At once a coming-of-age story, an intellectual autobiography, and vivid cultural history, Why Not Say What Happened is an eloquent, gripping account of an intellectual and emotional education from one of our leading critics. In this "acutely observed, slyly funny memoir" (Molly Haskell), Morris Dickstein evokes his boisterous and close-knit Jewish family, his years as a yeshiva student that eventually led to fierce rebellion, his teenage adventures in the Catskills and in a Zionist summer camp, and the later education that thrust him into a life-changing world of ideas and far-reaching literary traditions. Dickstein brilliantly depicts the tension between the parochial religious world of his youth and the siren call of a larger cosmopolitan culture, a rebellion that manifested itself in a yarmulka replaced by Yankees cap, a Shakespeare play concealed behind a heavy tractate of the Talmud, and classes cut on Wednesday afternoons to take in the Broadway theater.
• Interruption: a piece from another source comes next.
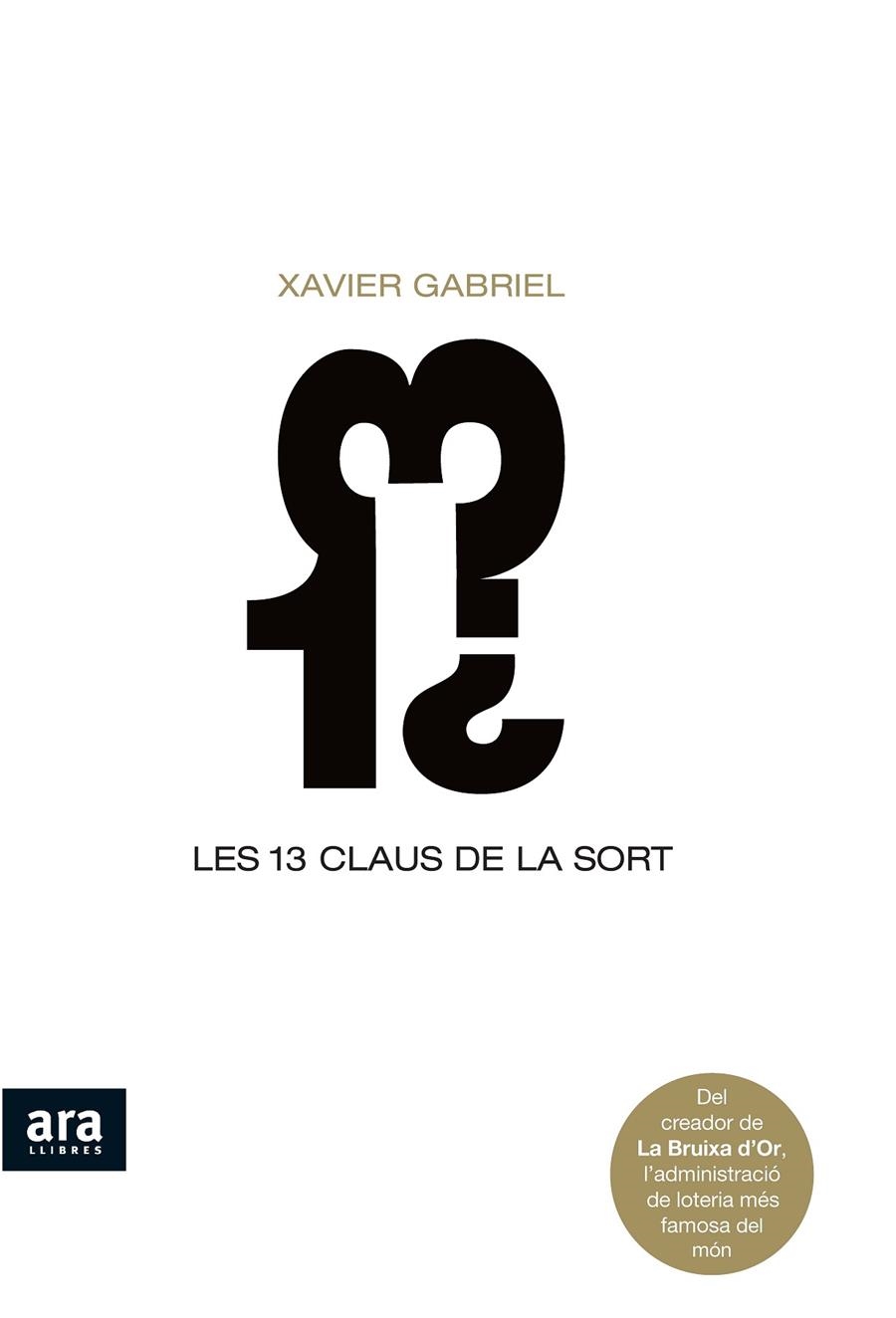 Les 13 claus de la sort | 9788492406746 | Gabriel, Xavier | Llibres.cat | Llibreria online en català | La Impossible Llibreters Barcelona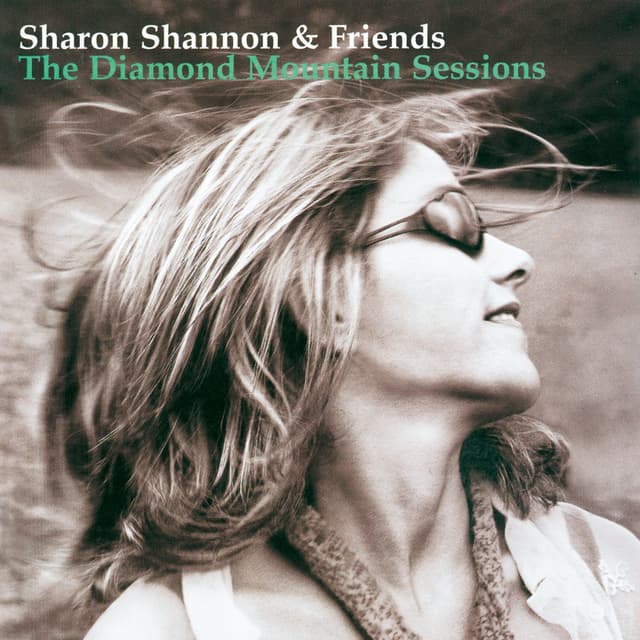 Album cover art for The Diamond Moutain Sessions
Tracing a path from the Lower East Side to Columbia University, Yale, and Cambridge, Dickstein leaves home, travels widely, and falls in love, breaking through to new experiences of intimacy and sexual awakening, only to be brought low by emotional conflicts that beset him as a graduate student—homesickness, a sense of cultural dislocation—issues that come to a head during a troubled year abroad. In Why Not Say What Happened we see Dickstein come into his own as a teacher and writer deeply engaged with poetry: the "daringly modern" Blake, the bittersweet "negotiations of time and loss" in Wordsworth, and the "shifting turns of consciousness itself" in Keats. While eloquently evoking the tumult of the sixties and a culture in flux, Why Not Say What Happened is enlivened by Dickstein's "Zelig-like presence at nearly every significant aesthetic and political turning of the second half of the American twentieth century" (Cynthia Ozick). Dickstein crafts memorable portraits of his own mentors and legendary teachers like Lionel Trilling, Peter Gay, F. R. Leavis, and Harold Bloom, who become inimitable role models. They provide him with a world-class understanding of how to read and nourish his burgeoning feeling for literature and history. In the tradition of classic memoirs by Alfred Kazin and Irving Howe, this frank and revealing story, at once keenly personal and broadly cultural, sheds light on the many different forms education can take.
PUBLISHERS WEEKLY
A young man navigates the tensions between his Orthodox Jewish background and his calling as a literary intellectual in this rich coming-of-age memoir. Dickstein (Dancing in the Dark), an English professor and cultural historian, wanders episodically from his boyhood as a yeshiva student in New York in the 1950s, surrounded by a close-knit, eternally kvetching immigrant family, through adolescence, when his religious strictures were gradually displaced by books and a usually unrequited interest in girls, to his budding academic career at Columbia and Yale. It's a mainly quiet and interior narrative of observation and reflection on ordinary life; Dickstein's maturation is propelled by summer jobs, trips abroad, persistent conflicts between kosher living and the allure of secular lifestyles, strong friendships, and a deeply felt, luminously described romance with his future wife. Scholarship emerges as an engrossing, even adventurous activity in his vivid descriptions of often brilliant though sometimes lousy classroom lectures and seminars; his evocative portraits of such writers and critics as Lionel Trilling, Susan Sontag, and Harold Bloom; and his probing appreciations of novelists and poets (an extended exegesis of Keats is a tour de force). Dickstein's rapt, unabashed delight in literature and his willingness to let it inform his own experience make for an indelible account of the life of the mind. Photos.